- **WORK INSTRUCTION**
A faithful copy is needed of the lines below from the one with "CoreParts MBA1224 power" up to and including the one with "KITON Кардхолдер"; set it down with no pictures and no other lines.

- **GIVEN RECORDS**
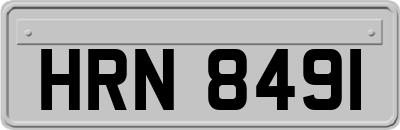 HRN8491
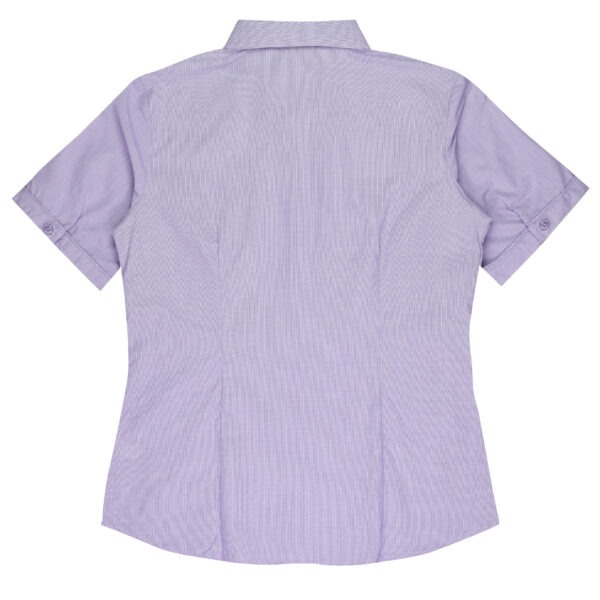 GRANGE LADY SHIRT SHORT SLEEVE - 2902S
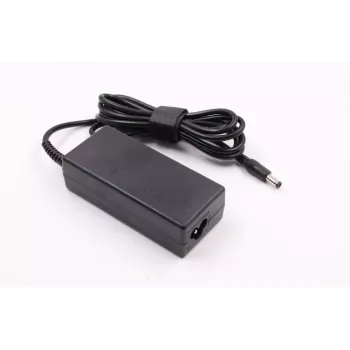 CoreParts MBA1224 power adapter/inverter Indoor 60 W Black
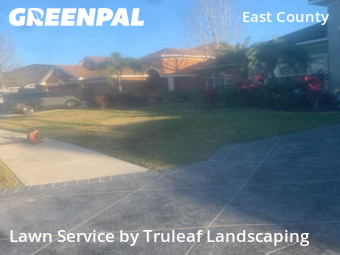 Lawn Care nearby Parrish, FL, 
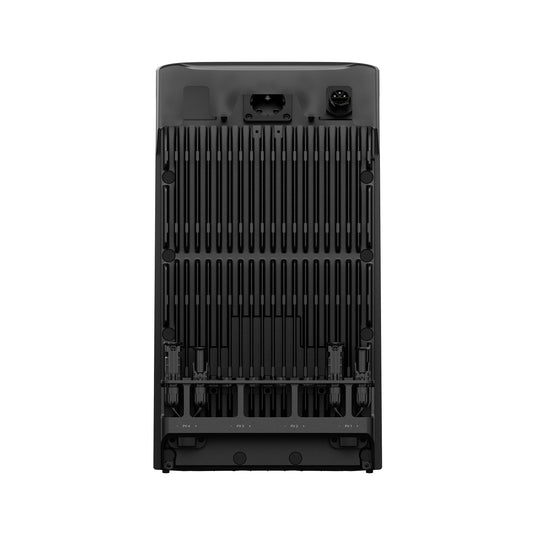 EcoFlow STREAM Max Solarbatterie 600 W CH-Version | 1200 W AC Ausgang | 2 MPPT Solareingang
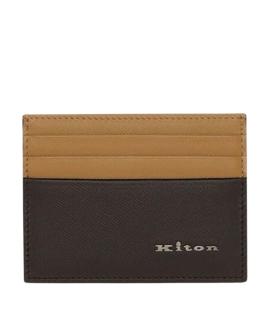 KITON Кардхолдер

...

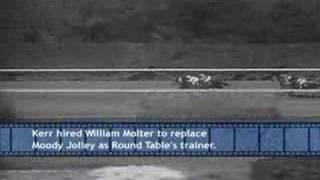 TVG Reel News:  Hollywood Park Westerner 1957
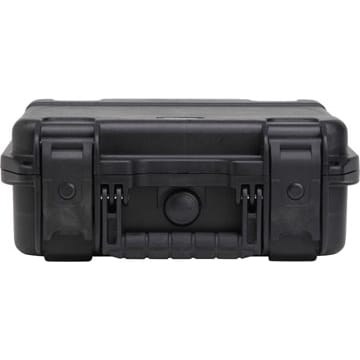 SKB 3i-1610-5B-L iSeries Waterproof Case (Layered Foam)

- **ANSWER TO THE EXERCISE**
 CoreParts MBA1224 power adapter/inverter Indoor 60 W Black
 Lawn Care nearby Parrish, FL, 
 EcoFlow STREAM Max Solarbatterie 600 W CH-Version | 1200 W AC Ausgang | 2 MPPT Solareingang
 KITON Кардхолдер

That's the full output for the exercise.